'Tea Party Economics' Label Should Be Used on GOP: Schumer
Democrats need to blame Tea Party economics for the slow recovery, Sen. Chuck Schumer, D-N.Y. and the No. 3 Democrat in the Senate, said in a memo that provides a glimpse into the rhetoric the party is planning to lob at Republicans going into a heated 2012 election cycle.
Schumer, the New York senator who handles messaging and political strategy for the Democrats, drafted a guide for his party on ways to tie Republicans to the Tea Party, which is becoming increasingly unpopular.
The GOP's opposition to President Barack Obama's $447 billion jobs package, as a whole, leaves the party open to blame for the economy in 2012, Schumer wrote.
If Republicans continue opposing job-creating measures, they risk being blamed for whatever economic reality the country confronts in 2012, Schumer wrote. But Democrats must make this case.
To make that case, Democrats should refer to opposition to job-creating measurers as Tea Party economics, opponents of the jobs package as Tea Party Republicans and argue that obstruction will lead to a Tea Party recession, the memo issued Wednesday said.
The memo includes supporting quotes from Moody's Economist Mark Zandi, a former advisor to Sen. John McCain, R-Ari., the Congressional Budget Office director and Republican economist Martin Feldstein, among other analysts.
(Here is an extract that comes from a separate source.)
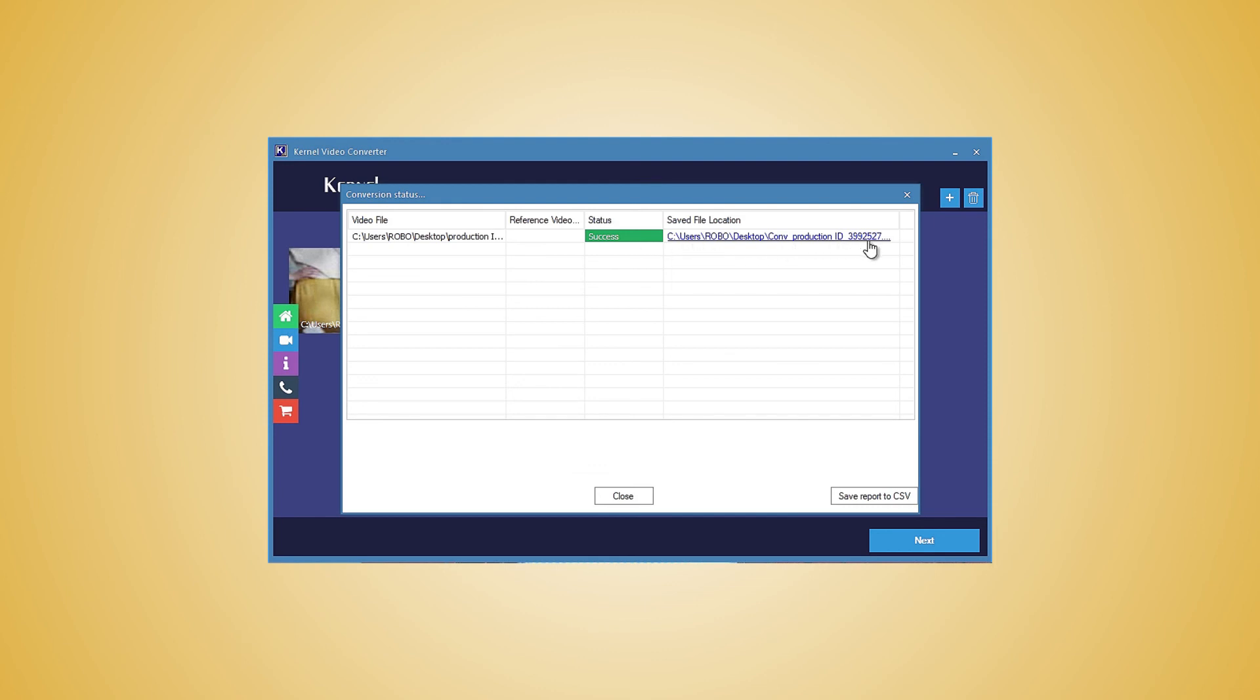You can visit the location and see the video in the new format. You can also save the report in a CSV file for future use.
In this debate over jobs, the Tea Party's growing unpopularity has the potential to be the GOP's Achilles' Heel, Schumer wrote.
He also contended that the movement's popularity has dropped in part because of the debt-ceiling imbroglio, in which Tea Party supported Republicans refused to sign onto a multi-trillion dollar deficit reduction deal that included revenue.
By linking the GOP to the Tea Party, Democrats could bolster the prospects of Obama's job plan, or least make clear who is responsible for the stalling of the recovery, the memo said.